- Nickname: "Barron"
- Born: 9 April 1911
- Died: 14 January 1988 (aged 76)
- Allegiance: United Kingdom
- Branch: Royal Air Force
- Service years: 1930–1963
- Rank: Air Vice Marshal
- Unit: No. 1 Squadron RAF (1931–33) No. 208 Squadron RAF (1933–36)
- Commands: RAF Kai Tak (1949–52) RAF West Malling (1948–49) RAF Ras-El-Ma (1943–44) No. 32 Squadron (1940)
- Conflicts: Second World War Battle of Britain;
- Awards: Companion of the Order of the Bath Distinguished Flying Cross Mentioned in Despatches

= John Worrall (RAF officer) =

Air Vice Marshal John "Barron" Worrall, (9 April 1911 – 14 January 1988) was a Royal Air Force pilot who, during the Second World War, led No. 32 Squadron in the Battle of Britain, flying the Hawker Hurricane.

==RAF career==
===Early years===
Worrall joined the RAF in 1930 and was granted permanent status on 19 December 1931, in the rank of pilot officer. He represented the RAF College at Hockey. Worrall initially joined No. 1 Squadron, and then transferred to No. 208 Squadron on 28 February 1933. In 1936, he went to China, where he attended the School of Oriental Studies at Peking University.

===Second World War===
Worrall was recalled and posted to No. 32 Squadron RAF in May 1940. While based at Biggin Hill and Hawkinge, Worrall participated in the Battle of Britain, commanding No. 32 Squadron. Under his leadership, by the end of August 1940, No. 32 Squadron had claimed 71 enemy aircraft shot down for five pilots killed. By the end of August, No. 32 Squadron had destroyed 102 enemy aircraft. In early August 1940 Worrall was awarded the Distinguished Flying Cross (DFC).

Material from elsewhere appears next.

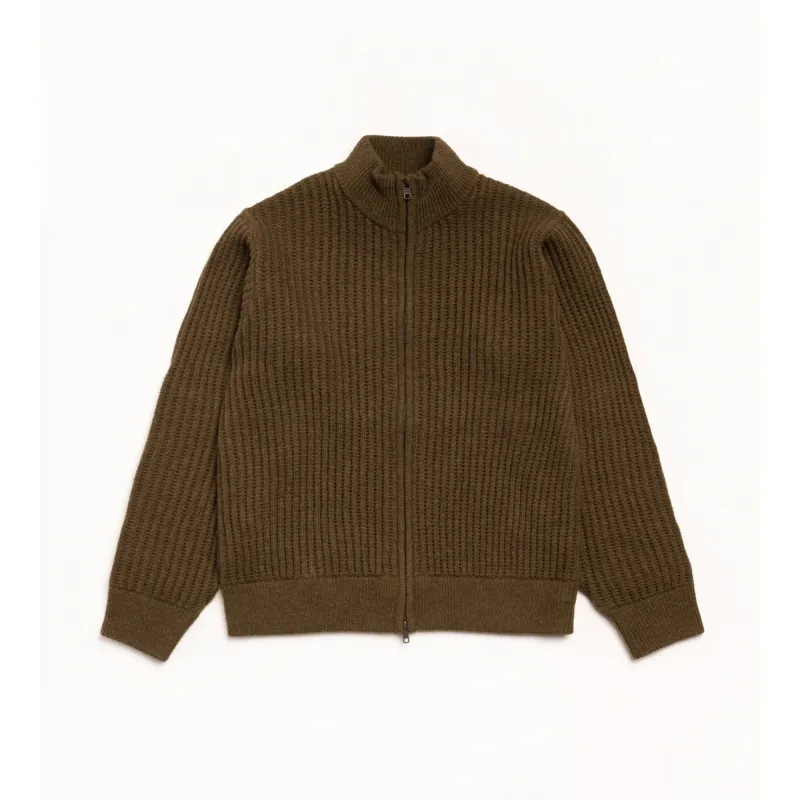 Stussy Military Patch Zip Sweater 'Green' made by ROOTED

Soon afterwards Worrall became a Fighter Controller at Biggin Hill's control room.

Worrall's only personal score was a half share, made on 31 August 1940. He was shot down only once on 20 July 1940, obliging him to a forced landing near Hawkinge in Hurricane Mk. I, N2532.

In March 1944 Wing Commander Worrall was Senior Air Staff Officer at Headquarters No. 216 Group.

===Post-war===
In July 1945, Worrall became Senior Personnel Staff Officer at Headquarters Transport Command. He continued to serve in the RAF after the war, rising to the rank of air vice marshal. He retired on 1 January 1963.

Following retirement from the RAF, Worrall became managing director of The Advertising Agency Poster Bureau Ltd in 1964 and 1965.